[R] matching observations and ranking

Wed Apr 24 16:09:08 CEST 2013

Hi,
May be this helps:
As you wanted to match only from row3 onwards to row2, the corresponding values on row1 and row2 were set to NA.
dat1<- read.table(text="
  S.No AB001A AB0002A AB362
   P1   -/-        C/C   A/A                       
    P2   C/C        C/C   A/A                       
    3   C/C        C/C   A/A                       
    4   C/C        C/C   A/A                       
    5   C/C        C/C   A/A                       
    6   C/C        C/C   A/A                       
    7   C/C        C/C   A/A                       
    8   -/-        -/-   -/-                       
    9   C/C        C/C   A/A                       
    10  C/C        C/C   A/A                       
    11  -/-        C/C   A/A                       
    12  C/C        C/C   A/A                       
    13  C/C        C/C   A/A                       
    14  C/C        C/C   A/A                       
    15  C/C        -/-   A/A                       
    16   -/-        C/C   A/A                       
    17   A/A        A/C   A/A                       
    18  C/A        A/A   A/A
",sep="",header=TRUE,stringsAsFactors=FALSE)
dat2<-cbind(dat1,(1*mapply("==",dat1[,-1],dat1[2,-1])))
names(dat2)[duplicated(names(dat2))]<- paste0(names(dat2)[duplicated(names(dat2))],"_1")
library(plyr)
 dat3<-mutate(dat2,SUM=rowSums(cbind(AB001A_1,AB0002A_1,AB362_1)), MATCH=(SUM/3)*100)
 dat3[1:2,5:9]<-NA
res<-mutate(dat3,RANK=rank(MATCH,ties.method="min"))
 head(res)
#  S.No AB001A AB0002A AB362 AB001A_1 AB0002A_1 AB362_1 SUM MATCH RANK
#1   P1    -/-     C/C   A/A       NA        NA      NA  NA    NA   17
#2   P2    C/C     C/C   A/A       NA        NA      NA  NA    NA   18
#3    3    C/C     C/C   A/A        1         1       1   3   100    7
#4    4    C/C     C/C   A/A        1         1       1   3   100    7
#5    5    C/C     C/C   A/A        1         1       1   3   100    7
#6    6    C/C     C/C   A/A        1         1       1   3   100    7
A.K.


>Hi Arun, 
>Thank you very much for your help in solving my problem, 
>S. No   AB001A  AB0002A AB362   AB001A    AB0002A     AB362   SUM %Match  Rank 
 >   P1   -/-        C/C   A/A                         
  > P 2   C/C        C/C   A/A                         
  >  3   C/C        C/C   A/A                         
  >  4   C/C        C/C   A/A                         
  >  5   C/C        C/C   A/A                         
   > 6   C/C        C/C   A/A                         
   > 7   C/C        C/C   A/A                         
   > 8   -/-        -/-   -/-                         
   > 9   C/C        C/C   A/A                         
   >10  C/C        C/C   A/A                         
   > 11  -/-        C/C   A/A                         
   > 12  C/C        C/C   A/A                         
   > 13  C/C        C/C   A/A                         
   > 14  C/C        C/C   A/A                         
    >16  C/C        -/-   A/A                         
>Actually i want to match observation from 3 to 16 with the value in 
p2 (i.e 3 with p2, 4 with p2, 5 with p2 etc), if they match i would like
 to give >value 1 and store it in corresponding dummy variable i.e. 
AB001A and i would like to do samething for remaining vars too and 
storing in their >dummy vars.

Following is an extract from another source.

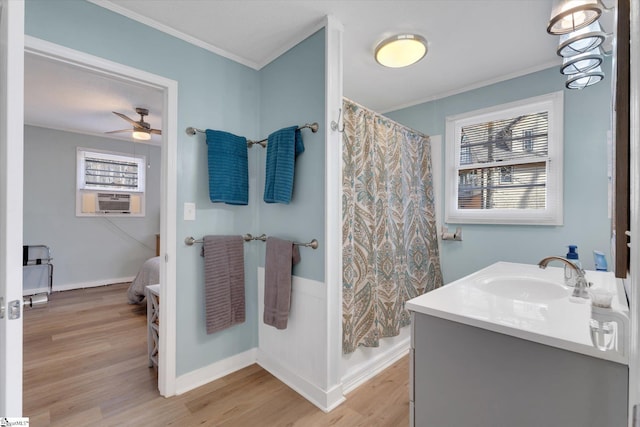 bathroom featuring cooling unit, shower / tub combo, vanity, wood-type flooring, and ornamental molding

Finally i want make sum of all the matched 
(i.e. 1 score) in each row and calculate percentage of match and then 
rank. This what i >want, sorry for not expressing my problem exactly in 
understandable way. 


>Hi to all bloggers, 
 >my data looks like this, 
>
>S. No   AB001A  AB0002A AB362   VAR1    VAR2    VAR3    SUM %Match  Rank 
 >  1   -/-        C/C   A/A                         
 >   2   C/C        C/C   A/A                         
  >  3   C/C        C/C   A/A                         
  >  4   C/C        C/C   A/A                         
   > 5   C/C        C/C   A/A                         
  >  6   C/C        C/C   A/A                         
   > 7   C/C        C/C   A/A                         
   > 8   -/-        -/-   -/-                         
   > 9   C/C        C/C   A/A                         
   > 10  C/C        C/C   A/A                         
   > 11  -/-        C/C   A/A                         
   > 12  C/C        C/C   A/A                         
   > 13  C/C        C/C   A/A                         
   > 14  C/C        C/C   A/A                         
   > 16  C/C        -/-   A/A                         
   > 17   -/-        C/C   A/A                         
   > 18   C/C        C/C   A/A                         
   > 19  C/C        C/C   A/A                         
>I want to match obs 3 with obs 2 if it exactly matched then score 
will be 1 else 0, that will be stored in var1 for AB001a, in var2 for 
ab0002a and in >var3 for ab362 and i want to calculate sum of all the 1's
and observation match percent and their rank (top ten matchers), I did 
this successfully in >excel but it took me lot of time, i used if 
condition in excel like (=if(A3=A$2,1,0) and then i dragged among all 
obs and i did sum of all obs, their >%match and rank. My question is how 
can i do this in R? can i use match package for this? or other packages 
will help me? my data is so big with >5,15,567 obs. can any one guide me 
how to do this in sas because i want to reduce my time to analyze my 
data. Thanking you Regards,